And if Building Schools for the Future did make some architects richer, it also left a legacy of high-quality buildings.

Gove has since apologised for the way Building Schools for the Future was cancelled. 'It was crass and insensitive way and it taught me a lesson,’ he told the BBC's Andrew Marr in 2016.

Dorman Long tower, Teesside, demolished by controlled explosion within days of the listing being reversed.
Dorman Long tower, Teesside, demolished by controlled explosion within days of the listing being reversed. Credit: Simon Phipps

Saved – but Dorries scores on the rebound

If Gove has been given his job because he is viewed as someone who gets things done, the appointment of Nadine Dorries appears to have more to do with culture wars.

A much-quoted tweet of hers from 2017 has her railing against ‘left-wing snowflakes’ who are, among other things, ‘dumbing down panto’ (older readers will fondly remember Widow Twankey’s philosphical discussions with the genie) as well as ’tearing down historic statues’.

But it turns out, she’s quite up for tearing a few historic structures herself.

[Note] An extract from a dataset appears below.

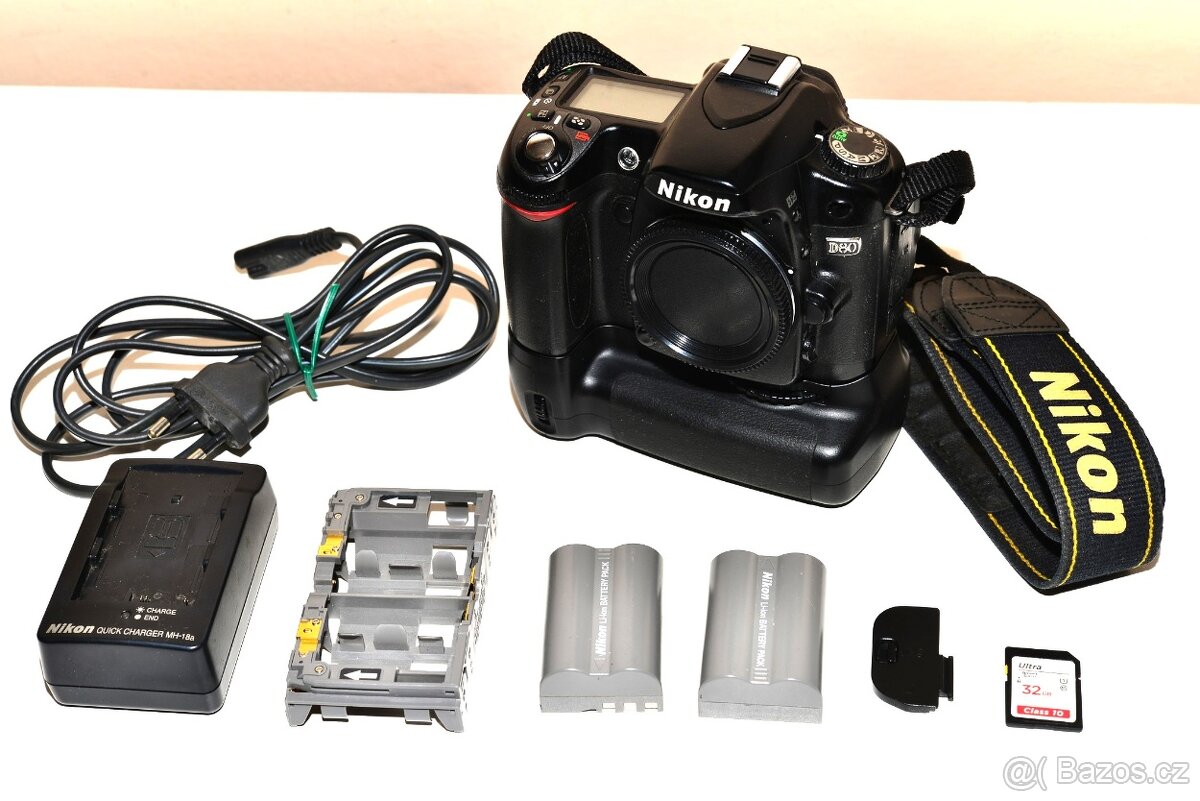 Nikon D80 + Battery Grip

Earlier in the week, fans of brutalism had been celebrating the grade II listing of an industrial tower in Teesside.

Redcar & Cleveland Borough Council had approved plans to demolish the Dorman Long tower only the previous week before Historic England stepped in to spot-list the structure.

It described the tower as a ‘celebrated example of early brutalist architecture’ and ‘a fine example of austere design that simply, yet wholeheartedly expresses its function’.

But Dorries, who replaced Oliver Dowden as culture secretary on Thursday, used her first day in the job to reverse the listing, with a department spokesperson asserting that, in fact, ‘the building is not of the required special architectural or historic interest to remain listed’.

The tower was subsequently demolished in a controlled explosion in the early hours of Sunday morning.

The council’s mayor, who appealed the listing, had argued that it would cost between £7 million and £9 million to maintain the tower. 

Celebrity architect George Clarke was among those to express dismay as the delisting, saying: ‘This is heartbreaking news. We’ve lost way too many buildings in the North East that celebrate our incredible industrial past.’

Critics react to this year’s Stirling shortlist

The six buildings in contention for this year’s RIBA Stirling Prize have been announced. They represent a wide range of building types, comprising a bridge, a mosque, a museum, a house-cum-office, a student centre and some key-worker housing.

Bookmaker William Hill made Carmody Groarke’s Windermere Jetty Museum its early favourite to win – a result that would please the AJ’s Rob Wilson, who describes it as ‘a fine example of architecture creating not just space but a sense of place too’.

The Guardian’s Oliver Wainwright, on the other hand, is championing Marks Barfield’s Cambridge Central Mosque, which he calls ‘the list’s photogenic stunner, and the most likely to snatch the gong’. 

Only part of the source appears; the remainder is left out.